If we hated Winston Churchill, we loved Roosevelt for supporting us. In 1942, President Roosevelt sent a personal envoy, Averell Harriman, to liaise with Churchill, and he promptly began an affair with the attractive Pamela Churchill, the wife of Winston's son Randolph. The British establishment did not seem to mind the liaison, as it might help "drag" America into the war. "To have FDR's personal representative, the man charged with keeping Britain safe, sleeping with the Prime Minister's daughter-in-law was a wonderful stroke of luck," said Lord Beaverbrook. But the establishment did resent Harriman's pressure for India's freedom. The disastrous collapse in the Far East had made Britain heavily dependent on Roosevelt, who was not amused by the irony of Churchill claiming to fight a war on behalf of freedom yet making no concessions for freedom to the second-largest country in the world.

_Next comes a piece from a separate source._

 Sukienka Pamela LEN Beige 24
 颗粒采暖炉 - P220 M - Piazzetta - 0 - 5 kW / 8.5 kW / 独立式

In the end, Churchill had to resort to a lie to get Roosevelt off his back. He telegraphed Roosevelt under his famous code name, "Former Naval Person," informing him that "he had no wish to allow Indian Muslims to be governed by the Congress Caucus and Hindu priesthood when 75 percent of the Indian soldiers were Muslim." This was clearly false--the truth was that less than 35 percent of the Indian army was Muslim, and Gandhi and Nehru's Congress freedom movement was by no stretch of the imagination a Hindu priesthood. At any rate, Roosevelt was unmoved. Churchill had to agree to dispatch a political mission--the Cripps Mission--to India a few days after the fall of Rangoon. It failed and Churchill was delighted. He said to FDR, "I feel absolutely satisfied we have done our utmost." However, Roosevelt did not think so. He knew that Churchill had stacked the deck against the mission. He telegraphed Churchill to try again, saying that Britain's unwillingness "to concede to the Indians the right of self-government was at the root of failure." Churchill was so furious that he released a "string of cuss words, which lasted for two hours in the middle of the night."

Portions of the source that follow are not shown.